His blatant misogyny objectifies women, which the interviewer seems all too happy to laugh about. But beneath Joe's blustering arrogance lies a chilling reality: If Joe wasn't a somewhat put-together white man, would this behavior be laughed at, let alone featured on a viral site targeting young twenty-somethings with time to debate the merits of the man-bun?
Not likely. For the majority of America's homeless, there is nothing glamorous about Joe's behavior. It's just called life.
Indeed, trading sex or engaging in sex work for basic needs — things like food, shelter, clothing and even bathing — is common for people living on the streets, especially for LGBT youth and people of color, who are disproportionately affected by housing instability. For younger homeless populations, their very first sexual encounters are often marked by a strong will to survive at any cost, even with the very real threat of being assaulted.

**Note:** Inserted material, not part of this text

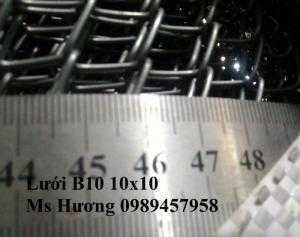 Lưới thép B40 ô 10x10, 20x20, 30x30, 40x40, 50x50, 60x60, 70x70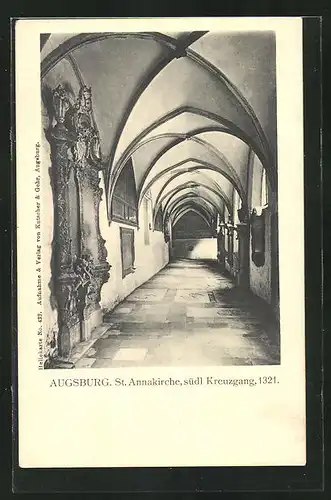 AK Augsburg, St. Annakirche, südl. Kreuzgang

If the video is to be taken at face value, Joe doesn't view his experiences as a survival tactic so much as sexual conquest. He sees women as "opportunities that he can capitalize on"; part of his game is taking advantage of them, quite possibly while they're inebriated. How does he away with it? Again, all roads point to his image, his age and even his whiteness.
According to the video, Joe is a "clean-cut" millennial from Boston kicked out of his home when his mom found his drug stash. Although he claims he's able to make $150 a day panhandling, he's unable to save any money, thanks to another issue the video minimizes to the point of absurdity: substance abuse.
Throughout the footage, Joe is trapped in a cycle that, unfortunately, most homeless people find themselves in as they acclimate to living with their backs against the wind.
"If I would just not do drugs or drink for a week, I could go get a fucking house. But how could you be homeless and not do drugs or drink? I feel like the misery would overwhelm me," Joe says, noting that he gets up each day at 6 a.m. to buy and drink two cans of Four Loko. It's that or wake up to police officers, if he's not off the sidewalks and roaming the streets instead.
The sheer absurdity of Joe's story quickly made it a viral hit, as media outlets jumped at the chance to report on the "one-night stand homeless man." The institutionalized double standard is on full parade, whether it's New York magazine's headline "Homeless Bro Uses NYC Women for Sex and Shelter" or lifestyle blog Madame Noire christening him a "cardboard all-star." This coverage both demeans the women he may be manipulating and highlights a stark contrast in how we talk about race and sexuality.
If Joe were a poor, queer teen of color, there's virtually no chance he'd star in this video. Instead, he'd be just one of thousands of invisible people on the streets, overlooked and far from elected officials' thoughts.
At the same time, nobody deserves the built-in mockery of Elite Daily's asinine coverage.
What Joe and many other homeless people like him really need is for those who are better off to start giving a damn and stop focusing on what the experience "should" look or feel like. Ultimately, there is nothing cool or even particularly new about Joe's experience. That the video was made at all reveals much more than anything Joe ever could say.